This is going to be an overly simplistic description of the Internet (and
probably inaccurate in some details) but I hope it conveys the analogy.

The most unique thing of all on the Ethernet is the MAC address which is
assigned to the NIC at the lowest layer. Just numbers and letters. Only the
computers and network hardware deal with this number.

Under the TCP/IP protocol for Ethernet communication, an IP address is
assigned to the NIC/MAC address. Just numbers with no meaning.  Sometimes
humans actually use the IP address, but it is mostly used by the computers.

IP addresses have to be unique world-wide to make the Internet work. The
Internet Corporation for Assigned Names and Numbers (ICANN- www.icann.org)
provides that uniqueness by assigning all the IP numbers in unique blocks or
ranges of numbers to "Internet Registries".  There are Regional, National
and Local Internet Registries that subdivide and "license" IP addresses to
ISPs, who in turn license IP addresses to organizations. Some organizations
are so big that they bypass any ISP.  So, there is a heirarchy of how the
"unique identifiers" are managed.  There is in fact a central authority, but
it delegates to decentralized authorities. Is there an analogy for BioGUIDs
to have a central body who divvies out the unique numbers (like IP
addresses) to decentralized bodies or large organizations?

Since IP addresses are hard to memorize (and so too would be a BioGUID),
"domain names" are used.

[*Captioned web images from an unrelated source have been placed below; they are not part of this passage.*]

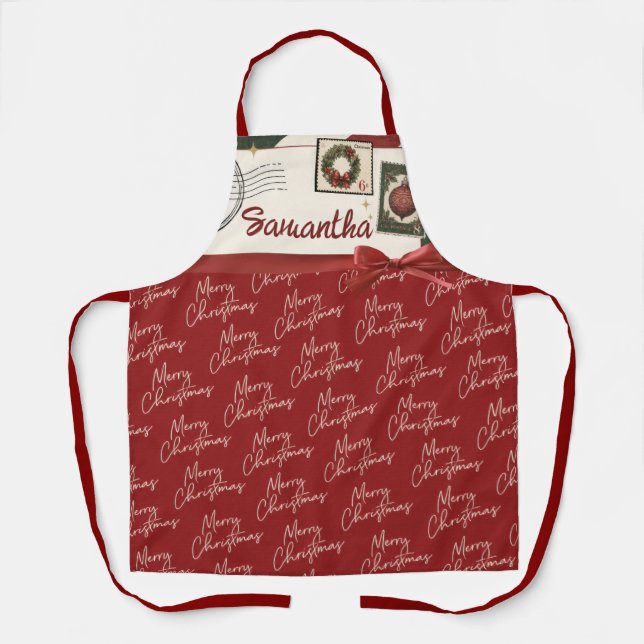 Tablier Livraison spéciale de Noël (Recto)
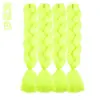 Peluca trenza sucia Hip Hop Color Africano Cabello trenzado alta temperatura peluca trenza sucia chica anime banda para el pelo degradado Cabello Seda
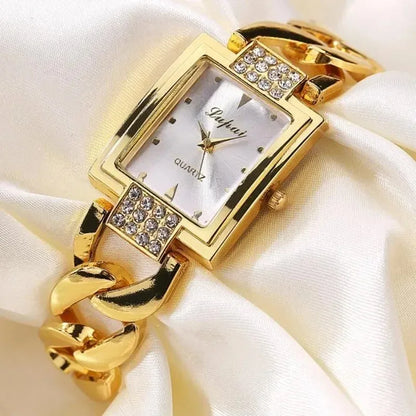 Reloj de Pulsera Dorado MOONBIFFY con Rhinestones - Elegancia y Lujo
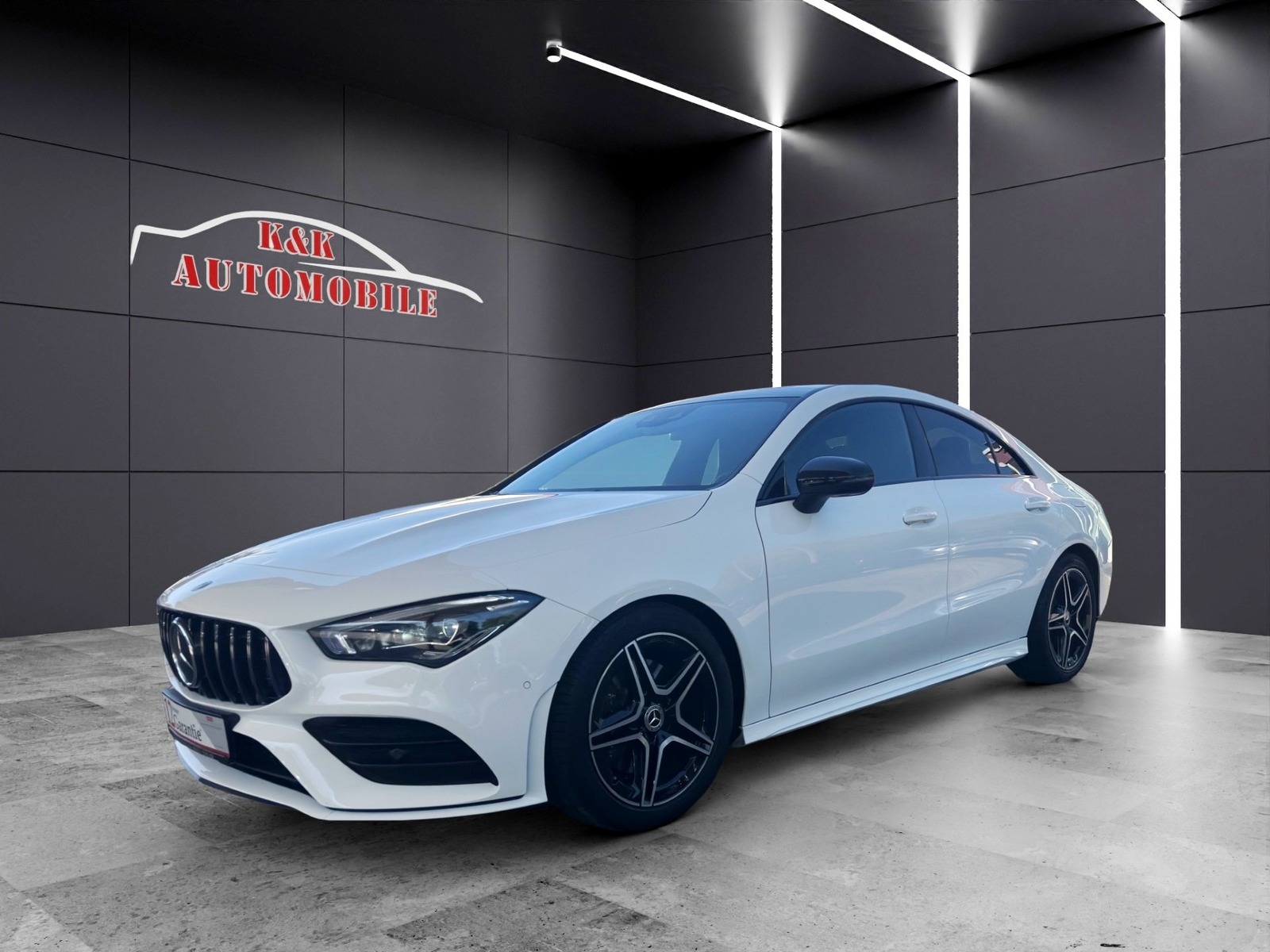 Mercedes-Benz CLA 200 d AMG 8G-DCT/Ambiente/PANO/CAM/LED  (White)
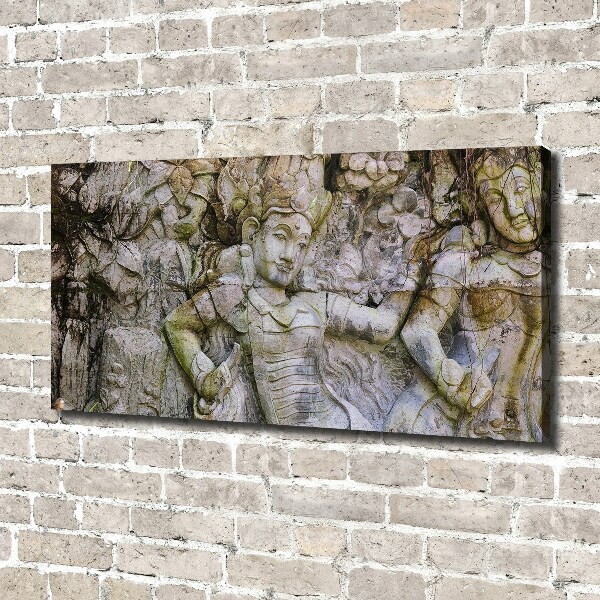 Canvas wall art Stone sculpture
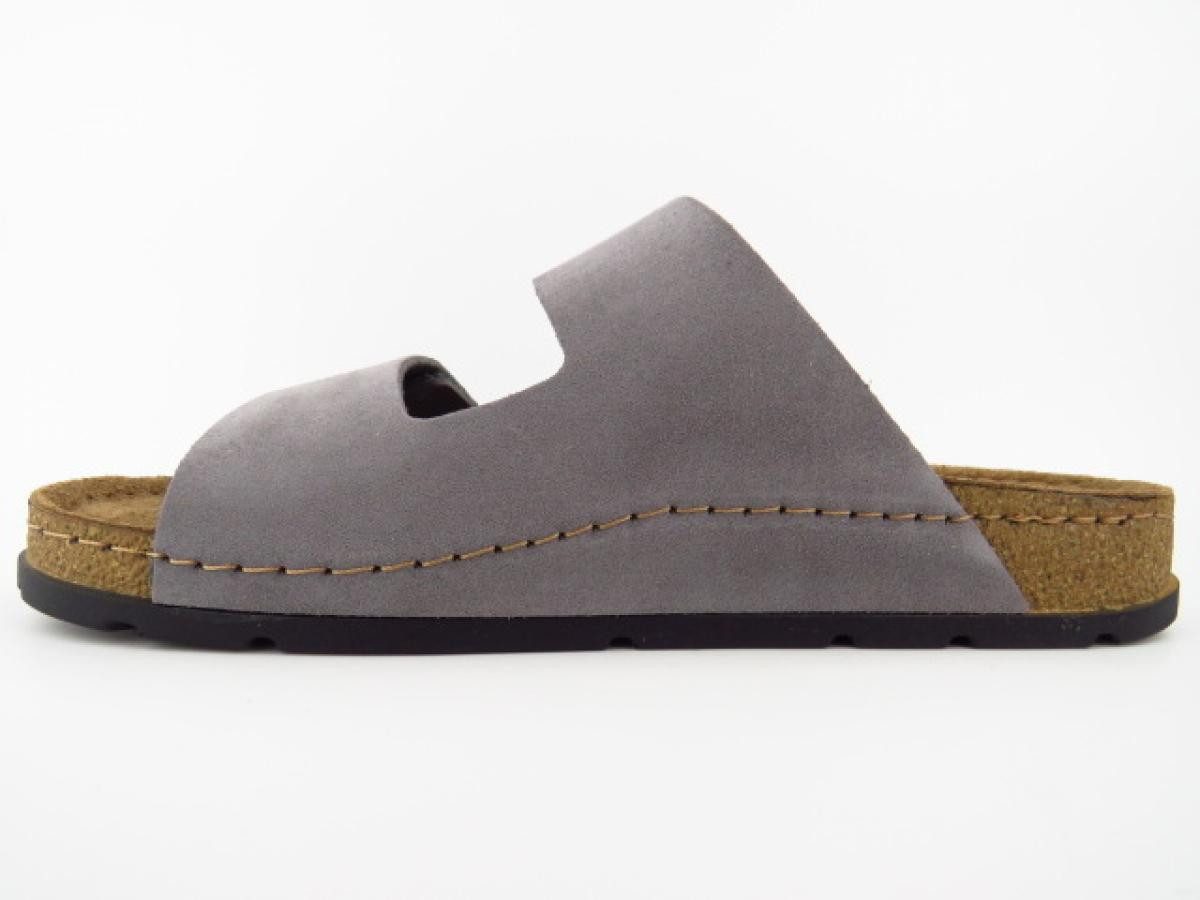 Rohde Novara Velour graphit Pantolette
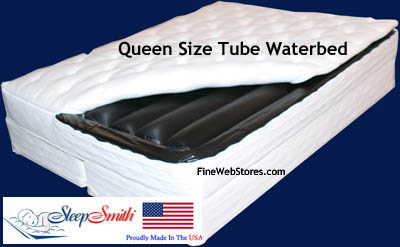 queen size tube softside waterbed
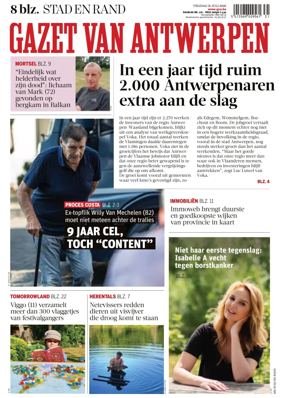 Cover of Gazet van Antwerpen Stad en Rand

Starting with a domain name, you can first find the
name and/or IP address of a device, called the Domain Name Server, that can
locate the IP address of other computers.  This is a form of indirect
addressing.  ICANN also manages the top-level namespace for the Internet.
They decide what the valid domain "extensions" are (like .com, .uk) so that
everybody, everywhere knows where to look them up.  Then, the domain name
extensions are separated among the Regional, National, and Local Interent
Registries around the world.  There is a scheme for where to find the IP
addresses for every domain extension (e.g. .com is on the ARIN registry,
.com.uk is on the ).

Then there is a layer of Domain Registrars who have been accredited by ICANN
to assign domain names for the domain extensions - e.g. tdwg.org.

The domain name registrars are told by the owner of the domain where to find
their particular Domain Name Servers which may be many to enable redundancy
- Primary, Secondary, Tertiary, etc.  These redundant Domain Name Servers
synchronize with each other at particular times of day and may be located
all around the world.  They are the main "switchboard" for a particular
organizations computer names and associated IP addresses.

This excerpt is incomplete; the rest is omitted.